**Study material**
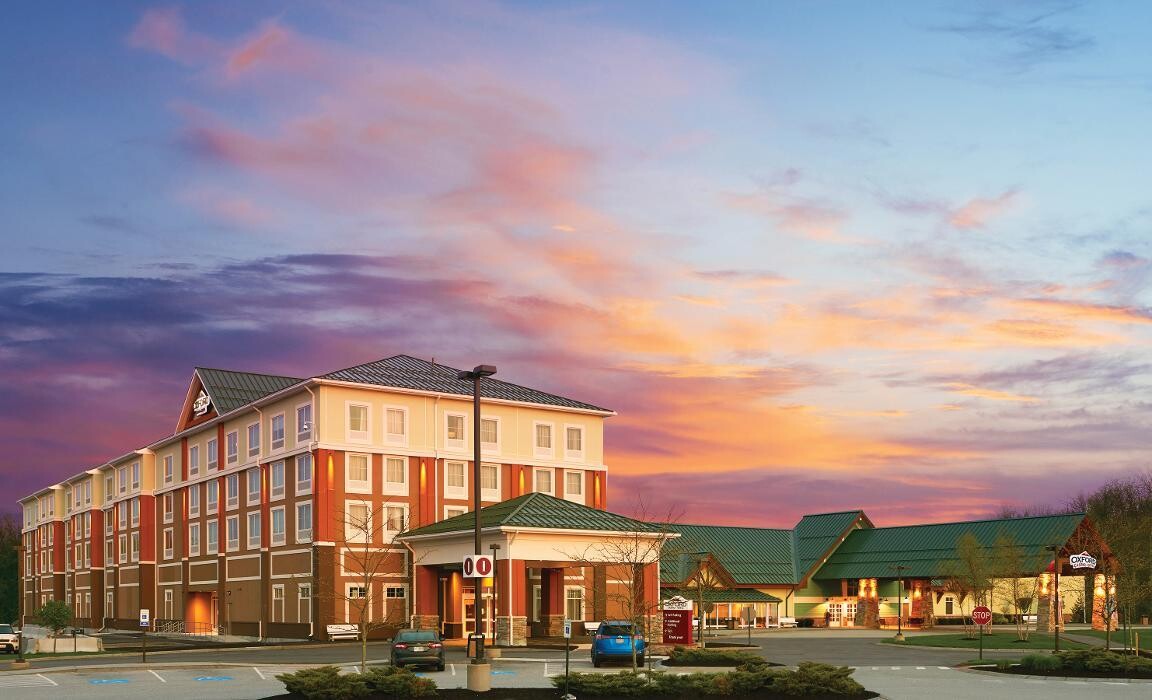 Images Oxford Casino Hotel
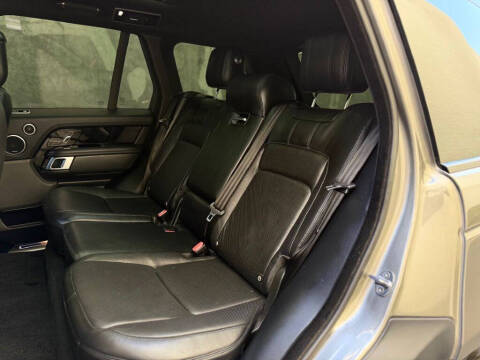 2020 Land Rover Range Rover HSE Td6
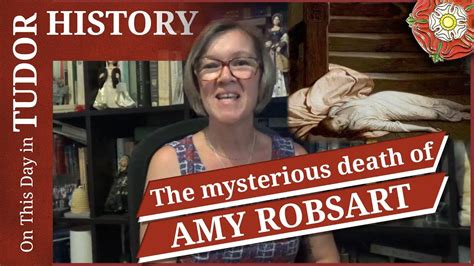 8 September - The mysterious death of Amy Robsart, wife of Robert Dudley - The Tudor Society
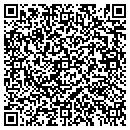 QR code with K & B Repair contacts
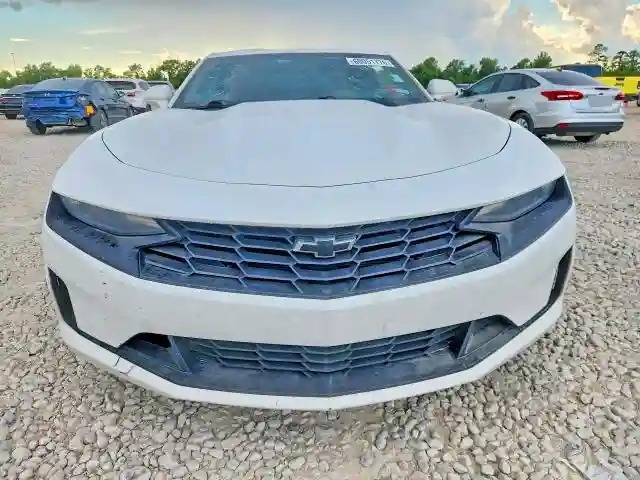 1G1FB1RX3K0153641 2019 CHEVROLET CAMARO-4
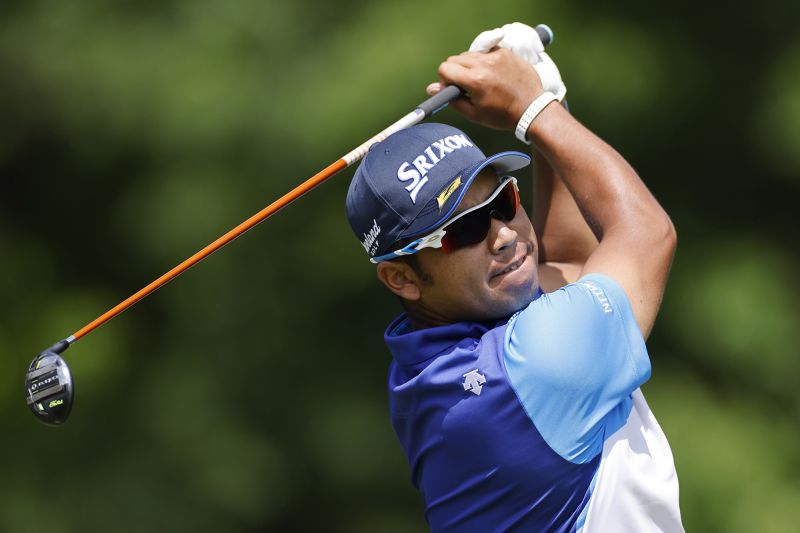 Hideki Matsuyama receives first PGA Tour disqualification for illegal club markings CNN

**The problem**
Quote every entry exactly, with the pictures omitted.

**Solution below**
 Images Oxford Casino Hotel
 2020 Land Rover Range Rover HSE Td6
 8 September - The mysterious death of Amy Robsart, wife of Robert Dudley - The Tudor Society
 QR code with K & B Repair contacts
 1G1FB1RX3K0153641 2019 CHEVROLET CAMARO-4
 Hideki Matsuyama receives first PGA Tour disqualification for illegal club markings CNN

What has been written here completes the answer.